EX-24 2 attachment1.htm EX-24 DOCUMENT
POWER OF ATTORNEY
     KNOW ALL MEN BY THESE PRESENTS, that I, Gary Kapusta, do hereby make,
constitute, designate and appoint Mary Jane Raymond, Walter R. Bashaw II,
Michelle L. Freehling and Heidi Zbel, and each of them severally (each, the
"Attorney") as the undersigned's special attorney with respect to II-VI
Incorporated (the "Company"), and authorize said Attorney to appear in the place
and stead to do all or any of the following acts, deeds or things, that is to
say:
1. To execute and file any and all documents required to be filed by the
undersigned with respect to the Company with the Securities and Exchange
Commission (the "SEC"), including Forms ID, 3, 4, 5 and 144 and all amendments
thereto;
2. To do and perform any and all acts which may be necessary or desirable to
prepare, complete and execute such Forms ID, 3, 4, 5 and 144, complete and
execute any amendment or amendments thereto, and timely deliver and file such
forms, schedules or amendments with the SEC and any stock exchange or similar
authority; and
3. To take any other action of any type whatsoever in connection with the
foregoing which, in the opinion of the Attorney, may be of benefit to, in the
best interest of, or legally required by, the undersigned, it being understood
that the documents executed by such Attorney on behalf of the undersigned
pursuant to this Power of Attorney shall be in such form and shall contain such
terms and conditions as such Attorney may approve in such Attorney's discretion.

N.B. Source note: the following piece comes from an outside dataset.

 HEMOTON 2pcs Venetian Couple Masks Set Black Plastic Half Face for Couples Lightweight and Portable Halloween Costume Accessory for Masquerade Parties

The undersigned hereby grants to such Attorney full power and authority to do
and perform any and every act and thing whatsoever requisite, necessary, or
proper to be done in the exercise of any of the rights and powers herein
granted, as fully to all intents and purposes as the undersigned might or could
do, with full power of substitution or revocation, hereby ratifying and
confirming all that such Attorney, or such Attorney's substitute or substitutes,
shall lawfully do or cause to be done by virtue of this Power of Attorney and
the rights and powers herein granted.
The undersigned acknowledges that the foregoing Attorney, in serving in such
capacity at the request of the undersigned, is not assuming nor relieving any of
the responsibilities of the undersigned to comply with Section 16 of the
Securities Exchange Act of 1934, as amended (Exchange Act).
The undersigned also acknowledges that the foregoing Attorney does not assume
(i) any liability for the responsibility of the undersigned to comply with the
requirements of the Exchange Act, (ii) any liability for the failure by the
undersigned to comply with such requirements, or (iii) any of the obligations or
liabilities of the undersigned for profit disgorgement under Section 16(b) of
the Exchange Act.
This Power of Attorney shall be effective immediately upon execution and shall
be revoked by the undersigned giving to such Attorney acting hereunder written
notification of the revocation, which notice shall not be considered binding
unless actually received.  Absent such revocation, this Power of Attorney shall
remain in effect for so long as the undersigned is subject to the reporting
requirements imposed by Section 16 of the Exchange Act.
The undersigned hereby declares that this Power of Attorney shall not be
affected by my disability or incapacity and that as against me and all persons
claiming under me, everything which my Attorney shall do or cause to be done
shall be valid and effectual in favor of any person claiming a benefit
thereunder, who, before the doing thereof, shall not have had notice of
revocation of this instrument.
This Power of Attorney shall be governed by the laws of the Commonwealth of
Pennsylvania.

IN WITNESS WHEREOF, the undersigned has caused this Power of Attorney to be
executed this 2nd day of February, 2016.